Chapter 4: Long Walk and a promise
Matthu hoisted the sack from beside the splintered crate near Link Road’s crossing in Borivali West. He lurched into his first unsteady step. The cracked earth grated beneath his feet. He squared his chest with a stubborn jut. The old man led the way with a stoop holding his wife’s hand. Matthu followed. The sack’s bulk pressed into his back with a weight that felt alive. Its faint rustle prickled his spine like a whisper he couldn’t decipher. His pulse skipped, a nervous jolt flickered through his chest, and he wondered what stirred within its worn burlap. Their “worn ones” claim rang hollow against its stubborn mass. It was a lie he couldn’t swallow, not with that heft, not with that eerie sound.

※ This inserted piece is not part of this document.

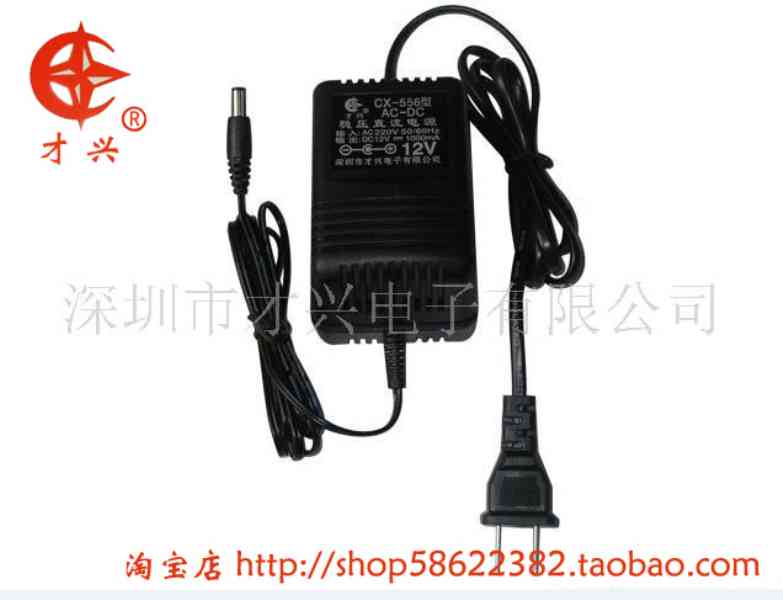 才興牌穩(wěn)壓電源變壓器 55系列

The journey began as they crossed the signal at Link Road, a chaotic knot of Western Mumbai’s restless pulse. The city’s western edge—Borivali West—clung to its suburban bustle, a patchwork of middle-class grit and ambition. High-rises like his own gleamed with glass and steel just blocks away. Towering billboards loomed overhead—glossy faces peddled mobile phones and Bollywood dreams. The crossing veered eastward, peeling away from this familiar chaos. It led into a facade of posh promised land on every patch of rare green. Flyovers arched like steel spines. Metro trains glided above the fray into a crowded heaven of smoke and grime.
The old couple stopped breathless. The old man pointed to a climb an ugly mole of a hill. Matthu bent his knees and let the sack dropped gently. He sat on the road, huffing and puffing. He lifted his head and voice. He asked, “Where’s this home of yours?” His words had a sharp edge not enough to pierce bones and deaf ears. The old man rasped, “Only a little far. yet.” Afternoon prayers wafted along. The old couple bowed their heads, closed their eyes in surrender. Matthu seethed at this display of laziness. How could they? I am neither a slave nor a mule? His thoughts lacked the power to erupt into words of protest.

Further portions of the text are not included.